Saved data entries
============================================================

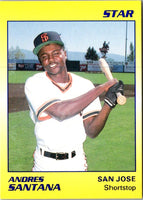 1989 Star Andres Santana #87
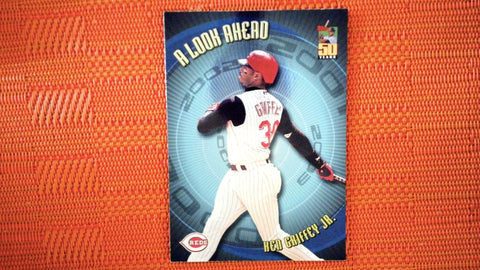 2001 Topps #LA5 Ken Griffey Jr. A Look Ahead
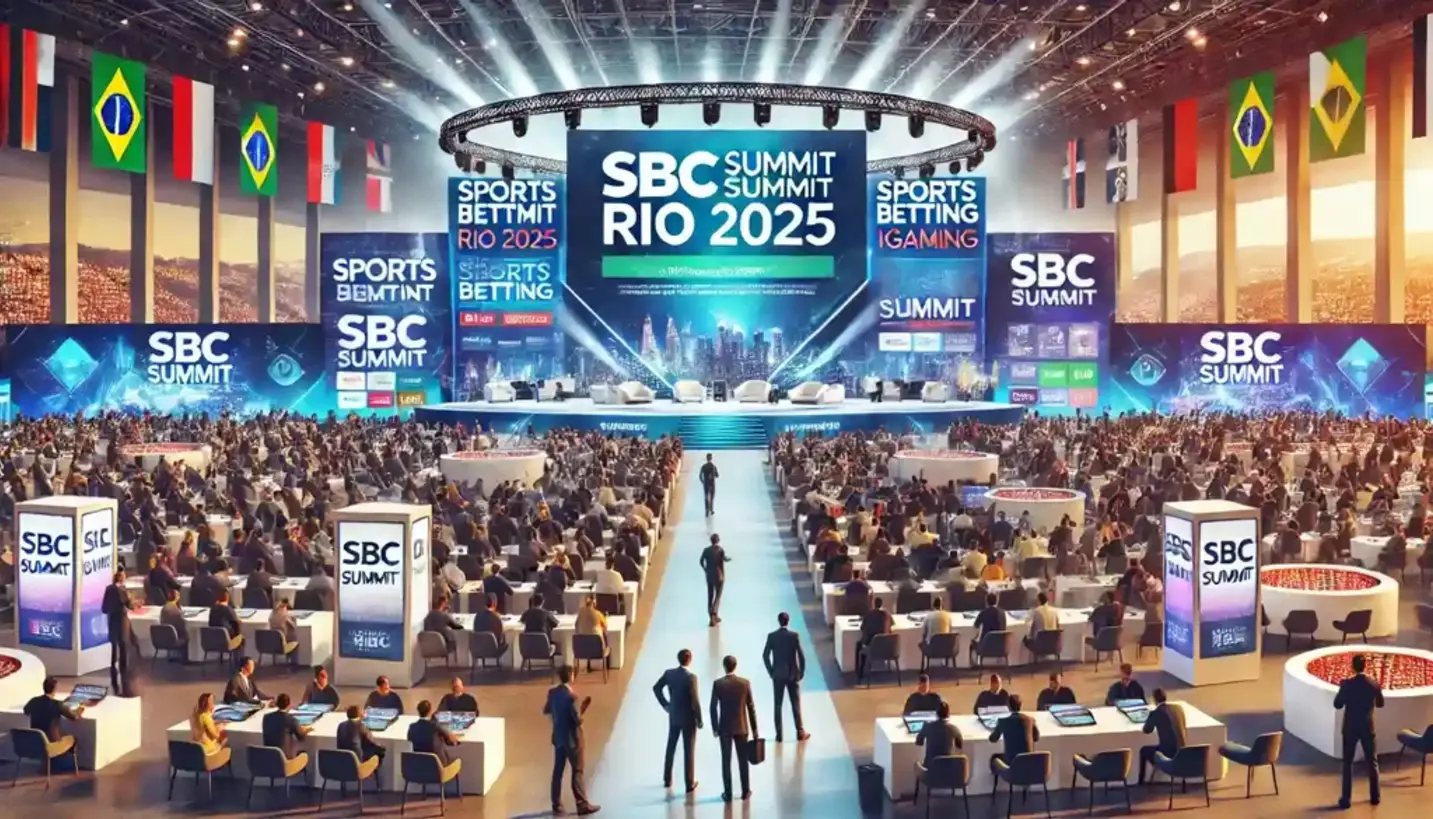 1xbet patrocinador en SBC Summit Rio 2025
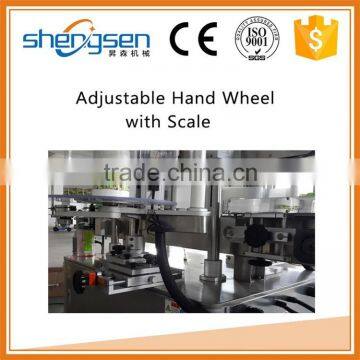 Economic Bottle Automatic Flat Label Applicator photo-6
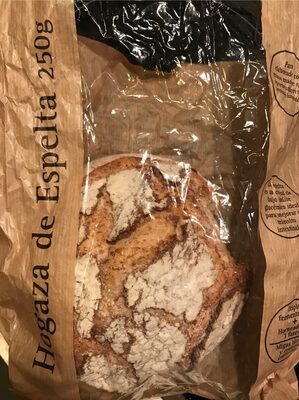 Hogaza De Espelta front packaging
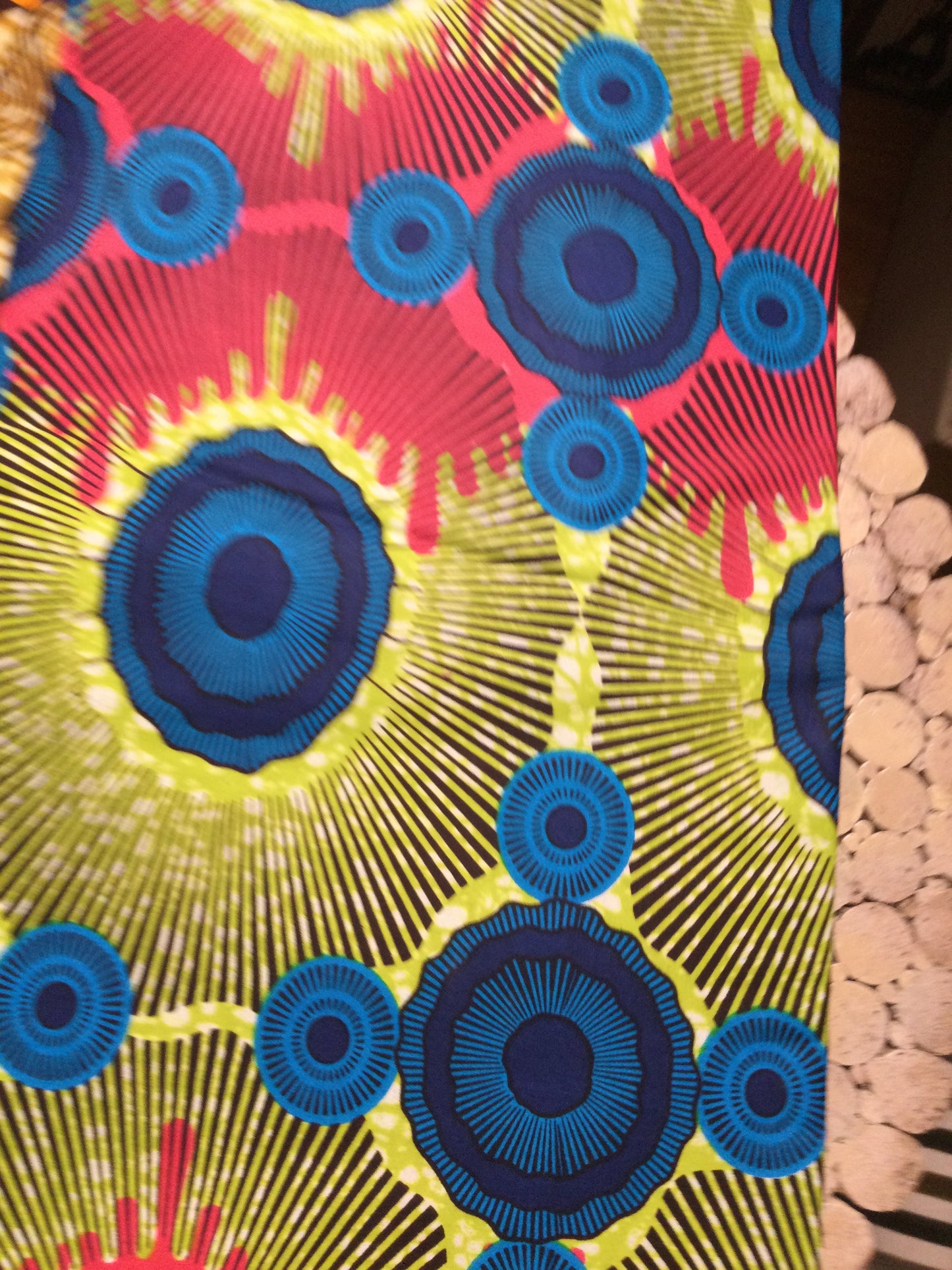 Multi African print SAF 67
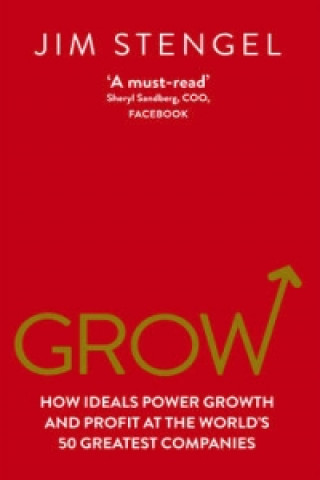 Grow (Jim Stengel)(Brožovaná)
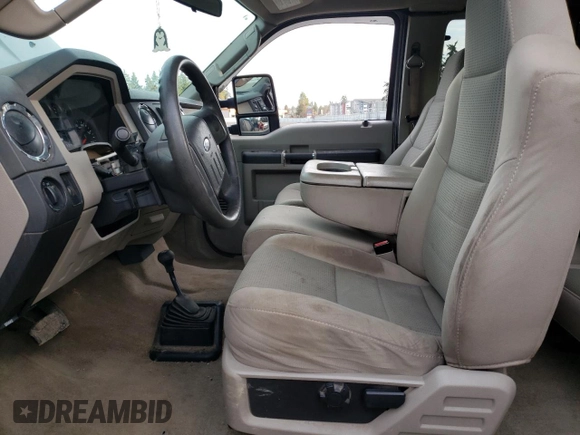2008 Ford Super Duty F-250 SRW XL with VIN 1FTSX21R98EB09004, listed as a Copart auction lot 85562854 with 136,527 mi miles and Clean Title. Bid and sale history available at carsss.com. Image 7.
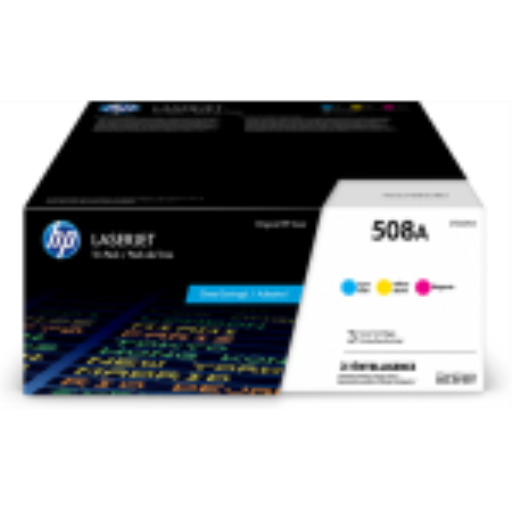 HP 508A CYM LaserJet Toner Cartridge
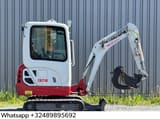 2020 Takeuchi TB216 mini excavator, side view
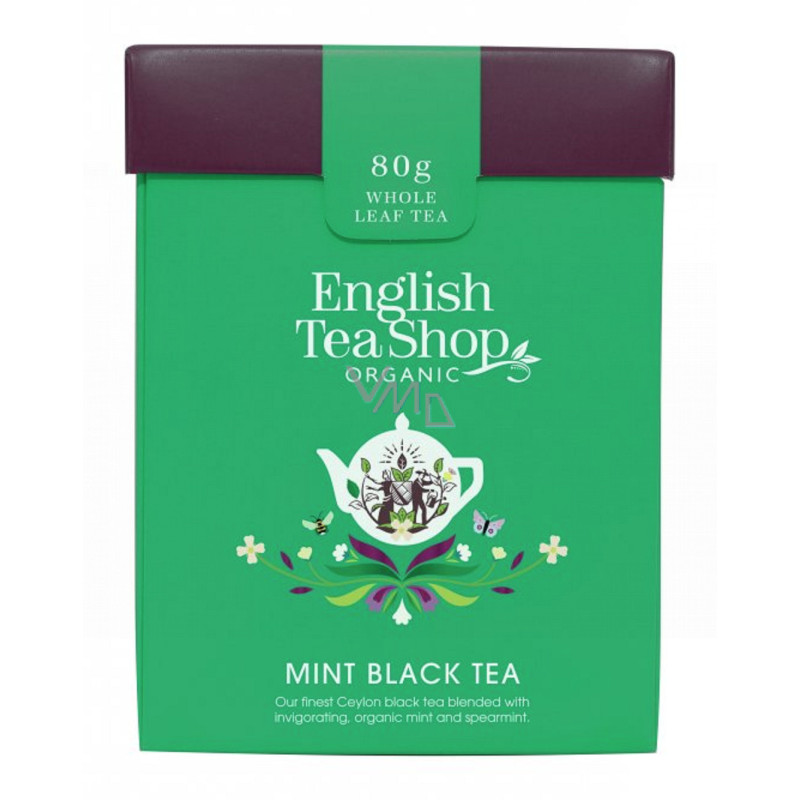 Μαύρο Τσάι με Μέντα | Org.Mint Black Tea | 80gr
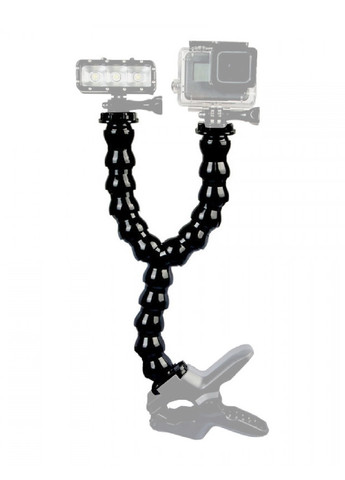 Двойное крепление шарнирный удлинитель гусеница для экшн-камер 27 см (474037-Prob) Unbranded (257183792)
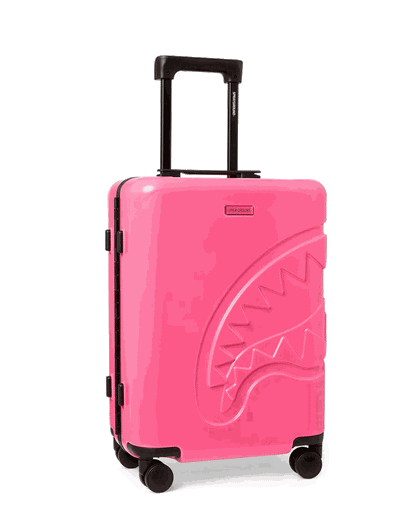 Sprayground Best Seller | SORBET STUNNA SHARKITECTURE HARDSHELL CARRY-ON LUGGAGE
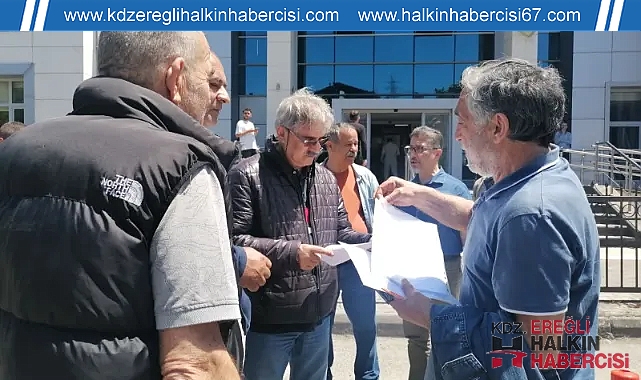 ÇEVRECİLERDEN SUÇ DUYURUSUNDA BULUNDULAR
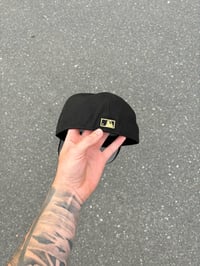 Image 4 of BLACKED OUT LOGO SAN FRANCISCO GIANTS CUSTOM FITTED CAP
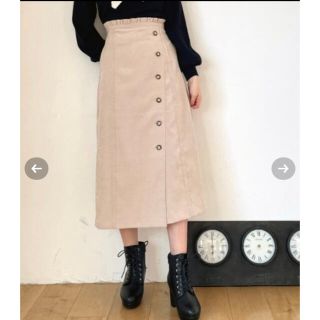 マジェスティックレゴン(MAJESTIC LEGON)のマジェ　今期　レディアイラインスカート (ロングスカート)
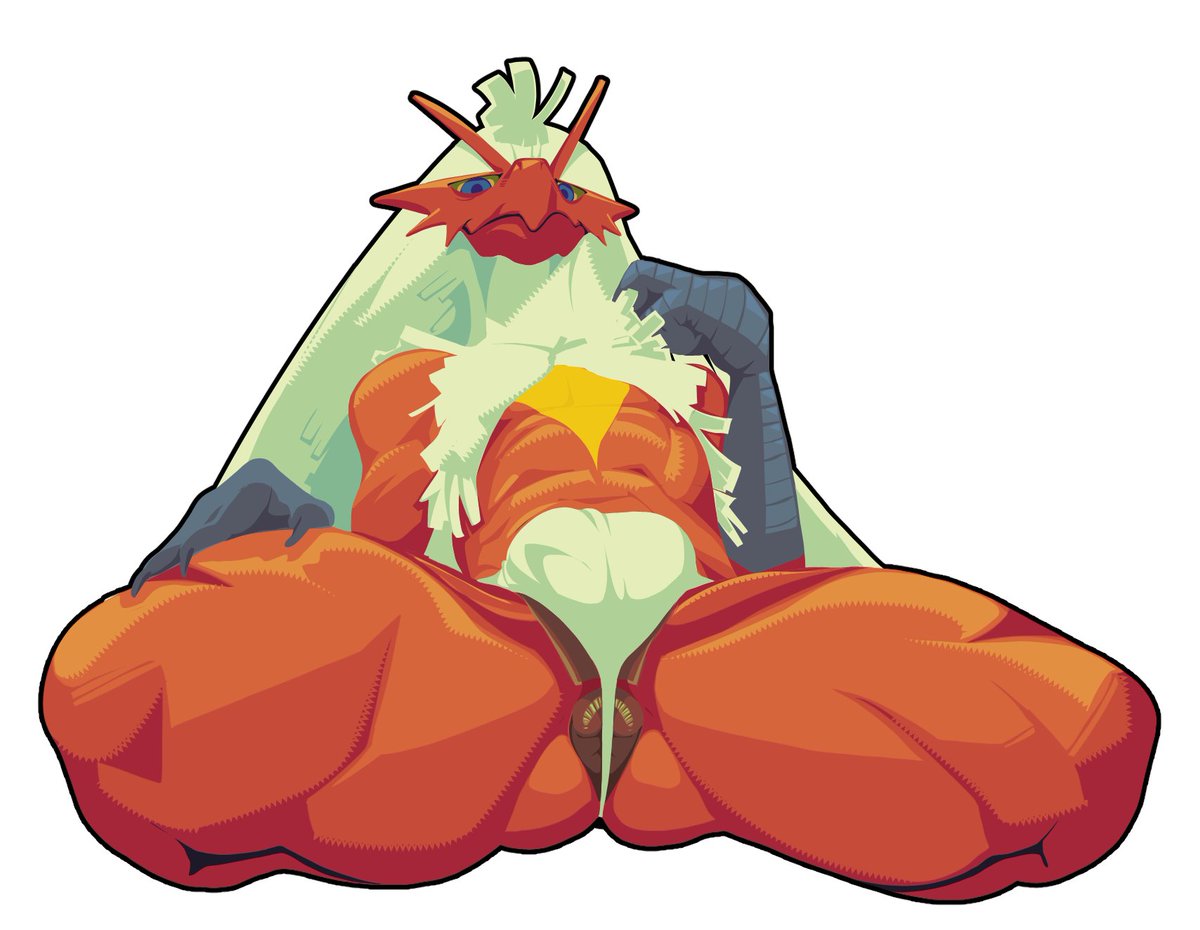 PoskaPaints's tweet photo. Bird legzzzz https://t.co/6OOkvj7EM7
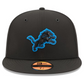 DETROIT LIONS 2026 NFL SIDELINE 59FIFTY FITTED HAT - BLACK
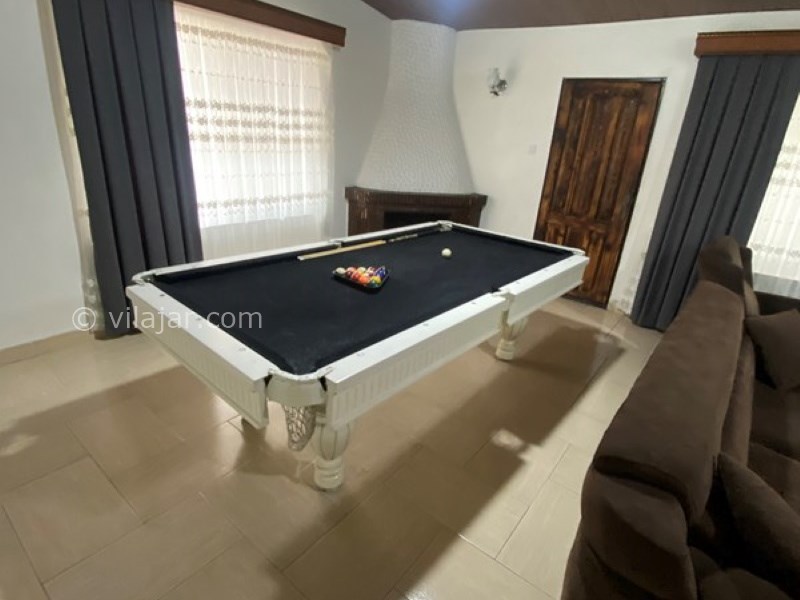 عکس شماره 699603 - اجاره ویلا با استخر بیلیارد متل قو - 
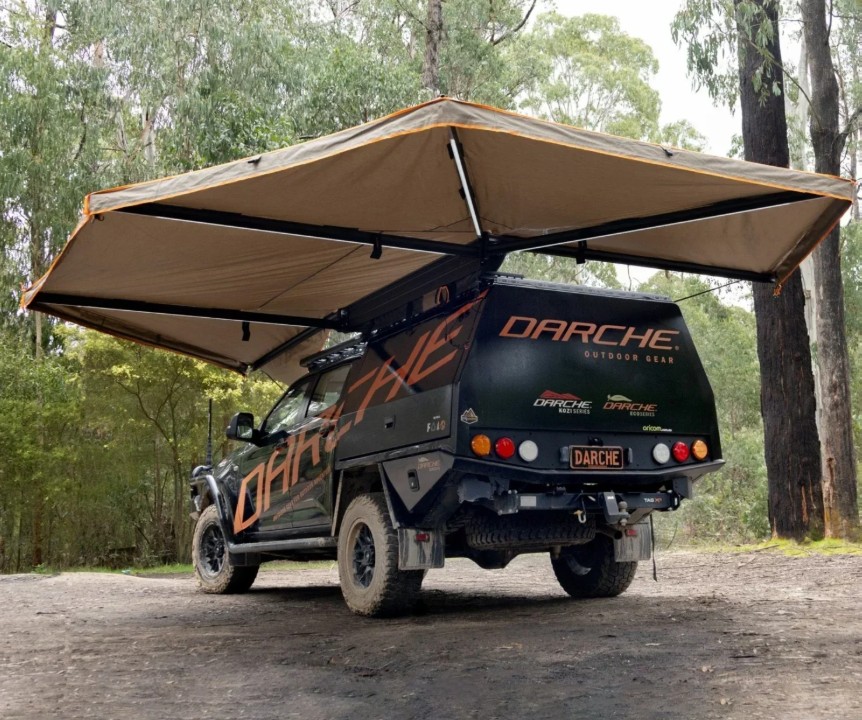 Top 10 Must-Have Accessories for Your 4x4 Adventure darche 4wd awning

============================================================

- **Brief**: Every line from the one with "Μαύρο Τσάι με" through the one with "Image 4 of BLACKED" is to be reproduced exactly as written above, and the pictures are to be dropped.

- **Solution**:
 Μαύρο Τσάι με Μέντα | Org.Mint Black Tea | 80gr
 Двойное крепление шарнирный удлинитель гусеница для экшн-камер 27 см (474037-Prob) Unbranded (257183792)
 Sprayground Best Seller | SORBET STUNNA SHARKITECTURE HARDSHELL CARRY-ON LUGGAGE
 ÇEVRECİLERDEN SUÇ DUYURUSUNDA BULUNDULAR
 Image 4 of BLACKED OUT LOGO SAN FRANCISCO GIANTS CUSTOM FITTED CAP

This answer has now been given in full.